On July 7th, 2010 New Zealand Post released its annual Children's Health issue with three beautifully illustrated butterfly stamps - each with a 10-cent surcharge that goes to support the New Zealand Foundation for Child and Family Health and Development. The 50c + 10c surcharge stamp presents the monarch butterfly (Danaus plexippus) widely found in New Zealand.
Two definitive stamps of the well-known Scenic Definitive series: the $1.00 Rangitoto Island (issued on May 9th, 2007) and the 30 c Tolaga Bay (issued on July 1st, 2009).
Thank you, Charlotte for these cards of the remote but splendid Cape Reinga lighthouse!

Monday, 6 September 2010


Ms. Tarbox sent me an envelope with nice postcards from New Hampshire. On the cover, the 98–cent definitive stamp issued on June 28, 2009,  in the Scenic American Landscapes series, featuring a view of the Snake River at dawn in the Grand Teton National Park.
The Isles of Shoals are a small group of islands and rocks 9 miles (15 km) southeast of Portsmouth, lying partly in Maine and partly in New Hampshire’s Atlantic coast. The Isles of Shoals Lighthouse sits atop White Island, the most southerly of the islets.
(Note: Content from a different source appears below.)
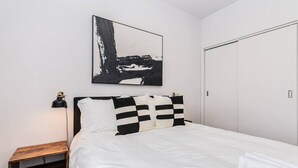 A bedroom with a bed, a nightstand, a lamp, a painting, and a wardrobe.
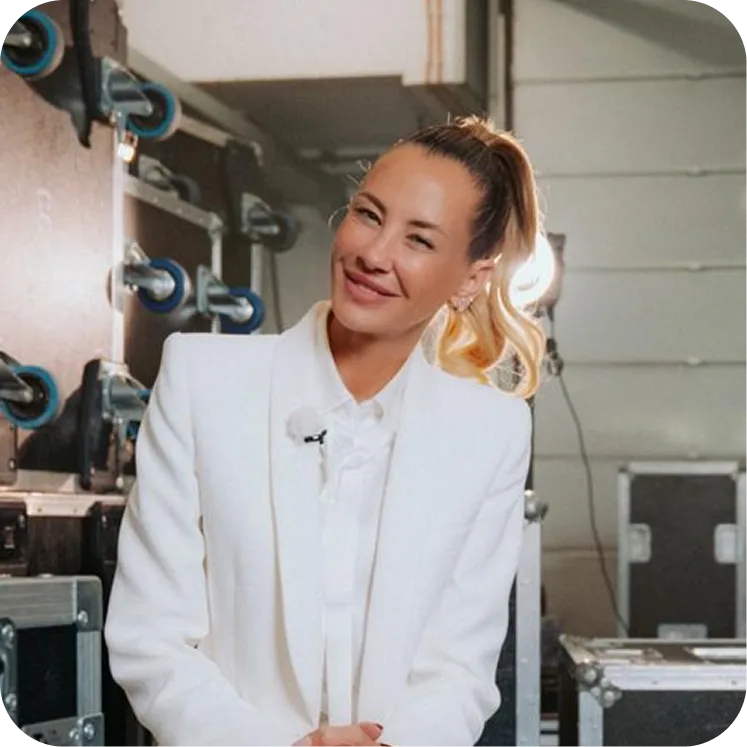 Lächelnde Frau mit hohem Pferdeschwanz trägt ein weißes Blazer-Outfit in einem Raum mit technischem Equipment.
The first lighthouse on the island was built of rubble stone in 1822, but exposed to the full fury of the Atlantic, the original tower began deteriorating quickly. The actual 58 ft (17.5 m) cylindrical white brick tower, attached to a 1-1/2 story keeper's house was built in 1859. In 2005, the tower and the keeper's house were restored, but a northeast storm in mid-April 2007 did much damage on the lighthouse: the walkway was demolished, the foghorn and solar panels for the navigational system were swept away.
Portsmouth Harbor Lighthouse is located on the grounds of the Portsmouth Harbor Coast Guard Station, adjacent to Fort Constitution State Historic Site in New Castle, New Hampshire. The 48 ft (14.5 m) cast iron tower, painted white with lantern and gallery black was built in 1878. Early in 2000 the American Lighthouse Foundation leased the tower for preservation. A support group, Friends of Portsmouth Harbor Light, works for preservation and restoration of the light station. Since then, the tower was restored and repainted and the walkway to the light station was rebuilt to improve access.

Lake Sunapee is a long, narrow lake located in western New Hampshire, United States. In the late 19th century, the beautiful lake became a popular destination for travelers who boarded steamships seeking for resort hotels and family estates sprinkled along the shoreline. In 1891, the steamer “Edmund Burke” struck an underwater ledge at Loon Island. The accident led to the construction, in 1893, of a wooden lighthouse on this small island near the middle of the lake. The original Loon Island lighthouse was destroyed by fire after by a lightning strike in 1960, but it was rebuilt in the same year. In the 1980s, the 25 ft (7.5 m) hexagonal wooden tower, painted white, received solar panels.